§ **Exercise directions**: From the data below, please reproduce exactly everything from the line that contains "Sandalo realizzato in" down to the line that contains "Suite Pretender |", with both ends included.

§ **Information given**:

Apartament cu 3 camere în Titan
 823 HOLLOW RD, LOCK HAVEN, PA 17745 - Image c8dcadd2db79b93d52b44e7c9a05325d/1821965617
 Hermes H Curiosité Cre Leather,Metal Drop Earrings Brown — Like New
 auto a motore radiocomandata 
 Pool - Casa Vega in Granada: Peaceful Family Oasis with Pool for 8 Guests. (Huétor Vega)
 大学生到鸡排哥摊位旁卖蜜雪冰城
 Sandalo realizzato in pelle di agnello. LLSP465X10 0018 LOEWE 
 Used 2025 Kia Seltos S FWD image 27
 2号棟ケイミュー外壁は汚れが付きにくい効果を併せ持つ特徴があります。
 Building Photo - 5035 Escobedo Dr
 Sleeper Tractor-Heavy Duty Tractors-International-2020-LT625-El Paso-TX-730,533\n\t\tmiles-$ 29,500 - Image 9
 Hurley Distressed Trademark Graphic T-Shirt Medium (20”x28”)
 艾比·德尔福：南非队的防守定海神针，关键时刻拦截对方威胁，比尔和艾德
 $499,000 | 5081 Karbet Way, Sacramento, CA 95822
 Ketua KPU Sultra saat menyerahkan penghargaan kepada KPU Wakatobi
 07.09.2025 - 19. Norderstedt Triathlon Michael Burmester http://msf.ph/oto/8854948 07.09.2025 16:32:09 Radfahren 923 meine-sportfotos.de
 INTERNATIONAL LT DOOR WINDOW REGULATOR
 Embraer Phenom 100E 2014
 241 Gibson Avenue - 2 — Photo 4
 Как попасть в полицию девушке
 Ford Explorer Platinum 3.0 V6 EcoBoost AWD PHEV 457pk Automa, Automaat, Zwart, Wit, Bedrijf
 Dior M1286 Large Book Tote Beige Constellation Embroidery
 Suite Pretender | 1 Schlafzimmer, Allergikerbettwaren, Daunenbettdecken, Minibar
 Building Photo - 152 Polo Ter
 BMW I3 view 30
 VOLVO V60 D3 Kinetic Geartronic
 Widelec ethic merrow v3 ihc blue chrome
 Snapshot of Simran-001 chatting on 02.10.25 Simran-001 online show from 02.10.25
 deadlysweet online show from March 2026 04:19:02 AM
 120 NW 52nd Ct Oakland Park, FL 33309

§ **Result below**:
 Sandalo realizzato in pelle di agnello. LLSP465X10 0018 LOEWE 
 Used 2025 Kia Seltos S FWD image 27
 2号棟ケイミュー外壁は汚れが付きにくい効果を併せ持つ特徴があります。
 Building Photo - 5035 Escobedo Dr
 Sleeper Tractor-Heavy Duty Tractors-International-2020-LT625-El Paso-TX-730,533\n\t\tmiles-$ 29,500 - Image 9
 Hurley Distressed Trademark Graphic T-Shirt Medium (20”x28”)
 艾比·德尔福：南非队的防守定海神针，关键时刻拦截对方威胁，比尔和艾德
 $499,000 | 5081 Karbet Way, Sacramento, CA 95822
 Ketua KPU Sultra saat menyerahkan penghargaan kepada KPU Wakatobi
 07.09.2025 - 19. Norderstedt Triathlon Michael Burmester http://msf.ph/oto/8854948 07.09.2025 16:32:09 Radfahren 923 meine-sportfotos.de
 INTERNATIONAL LT DOOR WINDOW REGULATOR
 Embraer Phenom 100E 2014
 241 Gibson Avenue - 2 — Photo 4
 Как попасть в полицию девушке
 Ford Explorer Platinum 3.0 V6 EcoBoost AWD PHEV 457pk Automa, Automaat, Zwart, Wit, Bedrijf
 Dior M1286 Large Book Tote Beige Constellation Embroidery
 Suite Pretender | 1 Schlafzimmer, Allergikerbettwaren, Daunenbettdecken, Minibar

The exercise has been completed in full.